* Requirement:
Exact copy, no pictures: output each line below as it stands.
- Opening Delimiter -
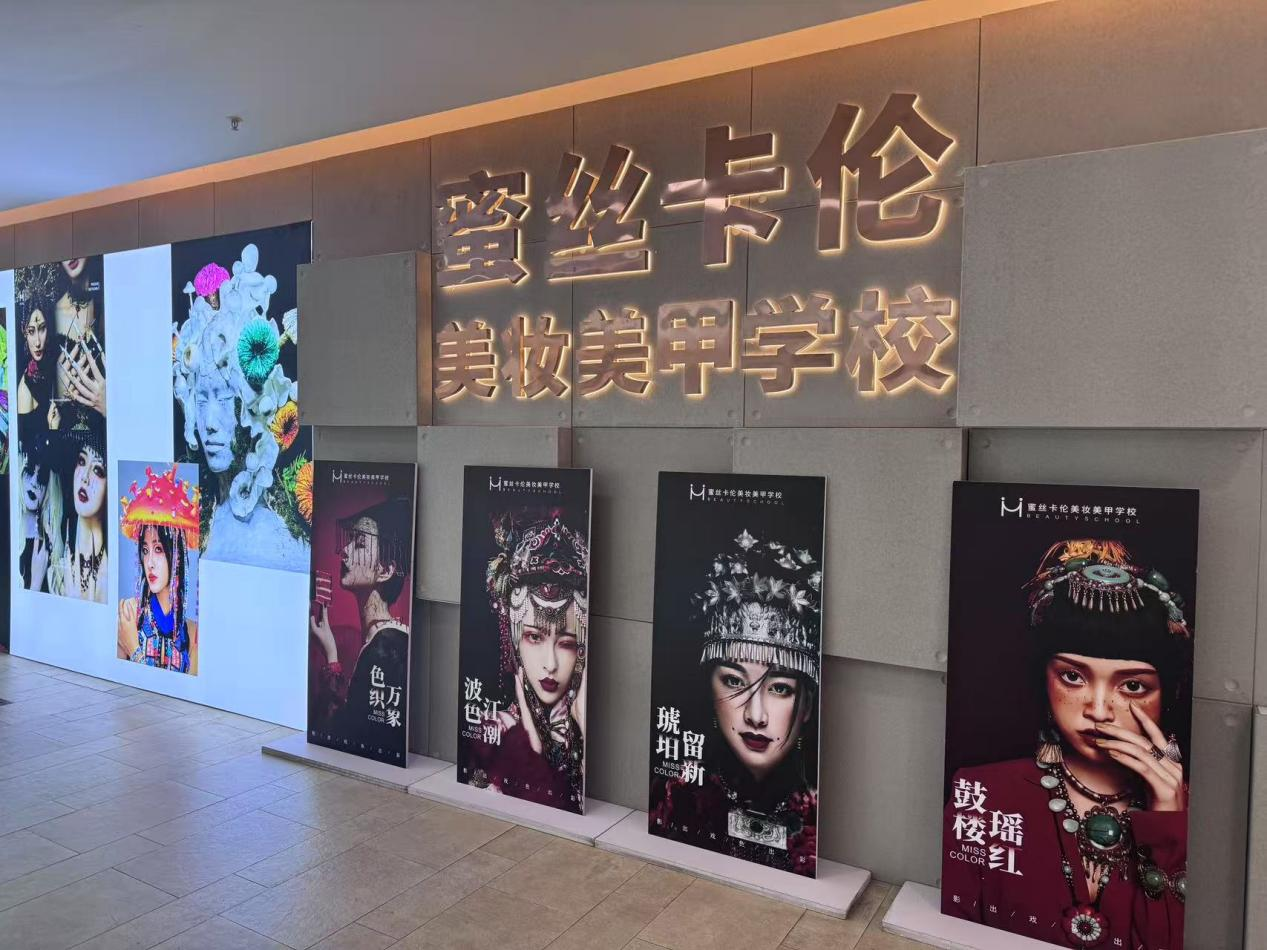 昆明化妆培训正规学校：实战教学+文旅融合，蜜丝卡伦成就美业精英之路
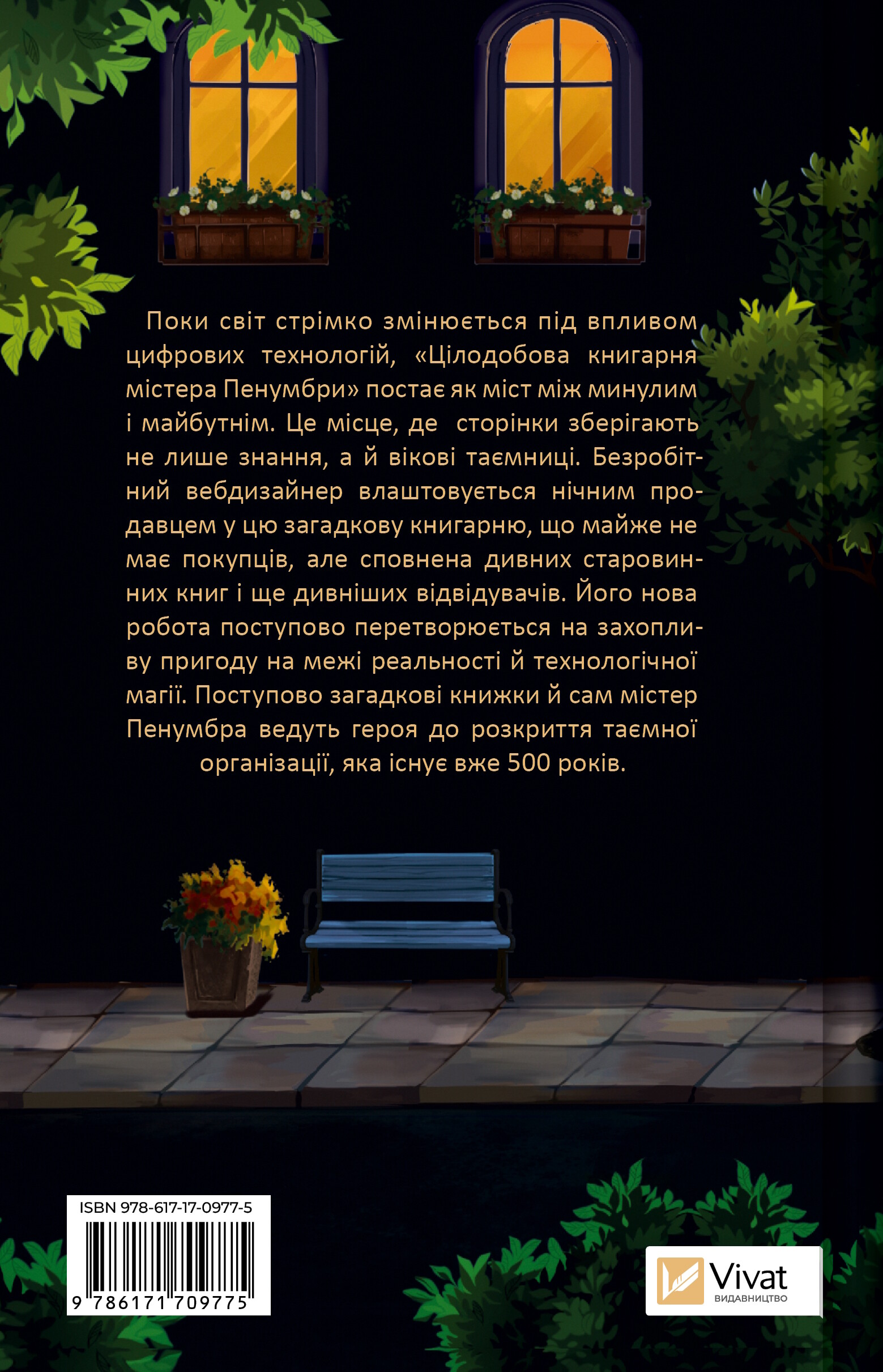 Цілодобова книгарня містера Пенумбри - Vivat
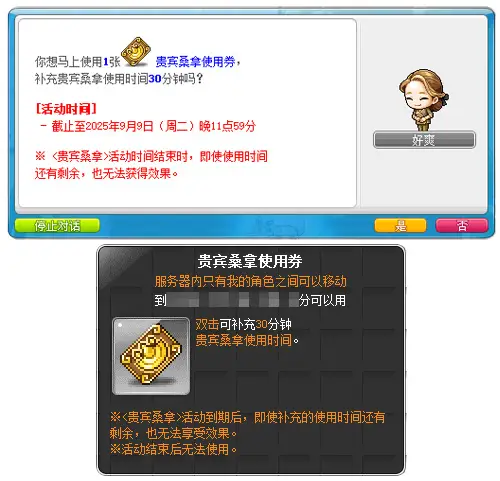 _冒险岛专题站_冒险岛上海主线任务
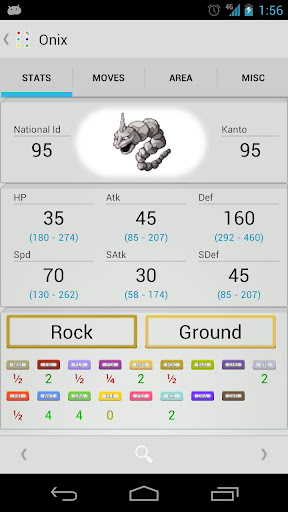 Pokedextra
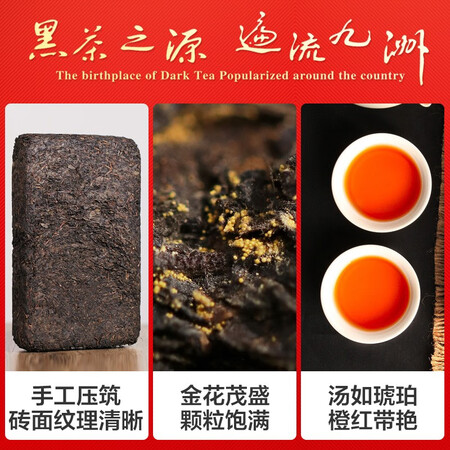 白沙溪茯砖茶怎么样？质量好不好？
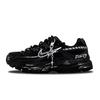 Initiator Starlight Creed Demping Slijtvast Ondersteuning Lage top Casual Schoenen Heren IB4595-001(Team557-)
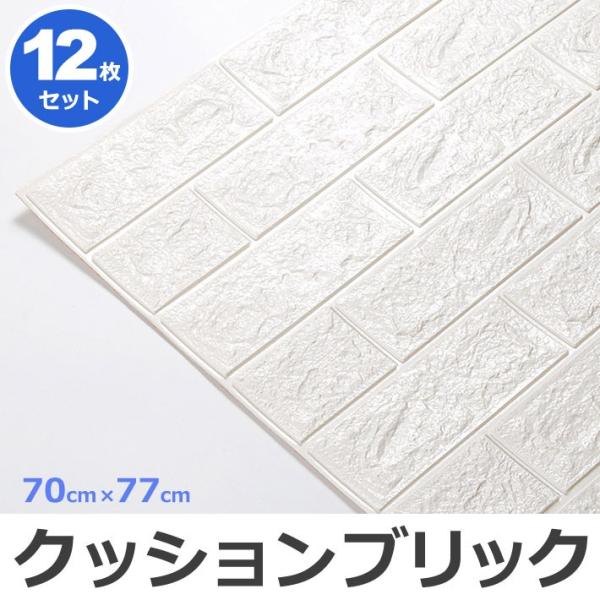 ǎ K  NbVV[g NbVubNV[g 12Zbg ǎ  V[ DIY lC K  (ǎ ւ) ȒP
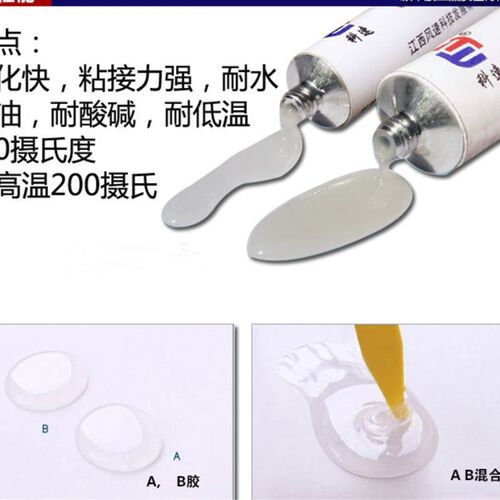 江西科速HX509透明AB胶金属瓷器紫砂壶修补剂耐高温180-200度包邮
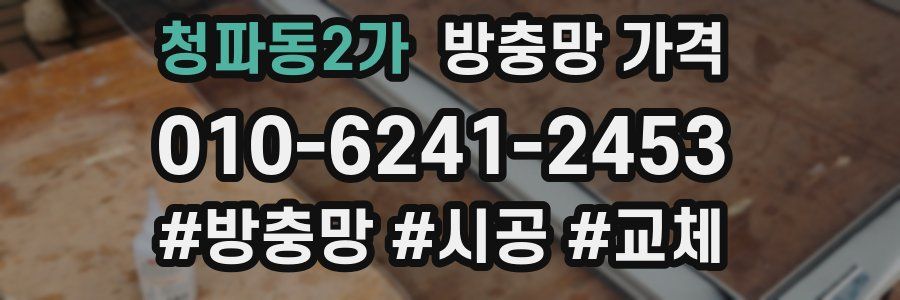 청파동2가 방충망 가격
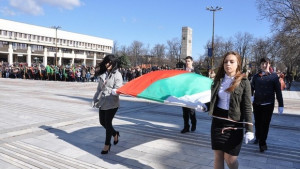 Община Видин отбеляза тържествено Националния празник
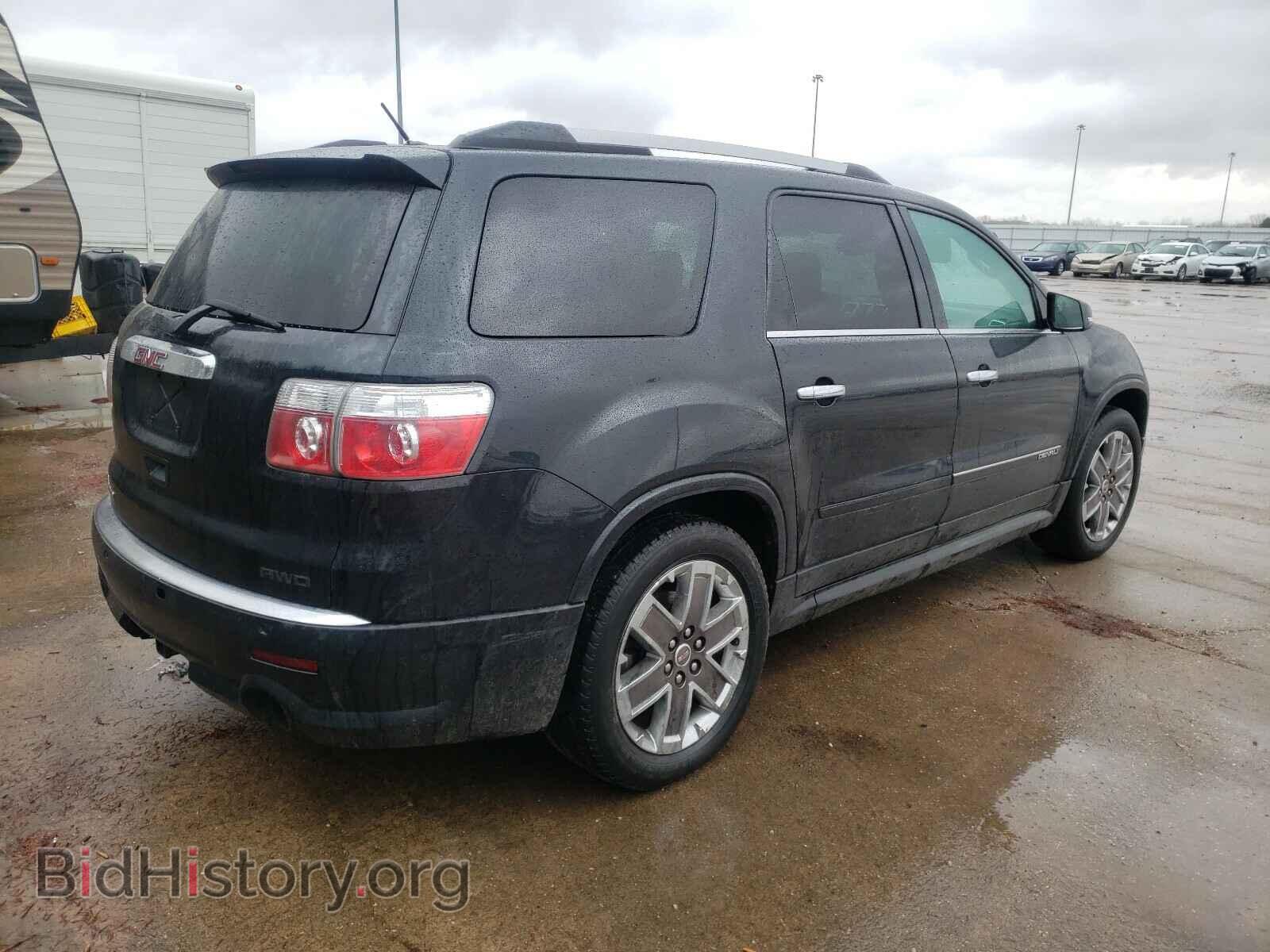 2012 GMC ACADIA DEN - VIN: 1GKKVTED8CJ223185 - Фото 4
- Closing Delimiter -
* Exercise output:
 昆明化妆培训正规学校：实战教学+文旅融合，蜜丝卡伦成就美业精英之路
 Цілодобова книгарня містера Пенумбри - Vivat
 _冒险岛专题站_冒险岛上海主线任务
 Pokedextra
 白沙溪茯砖茶怎么样？质量好不好？
 Initiator Starlight Creed Demping Slijtvast Ondersteuning Lage top Casual Schoenen Heren IB4595-001(Team557-)
 ǎ K  NbVV[g NbVubNV[g 12Zbg ǎ  V[ DIY lC K  (ǎ ւ) ȒP
 江西科速HX509透明AB胶金属瓷器紫砂壶修补剂耐高温180-200度包邮
 청파동2가 방충망 가격
 Община Видин отбеляза тържествено Националния празник
 2012 GMC ACADIA DEN - VIN: 1GKKVTED8CJ223185 - Фото 4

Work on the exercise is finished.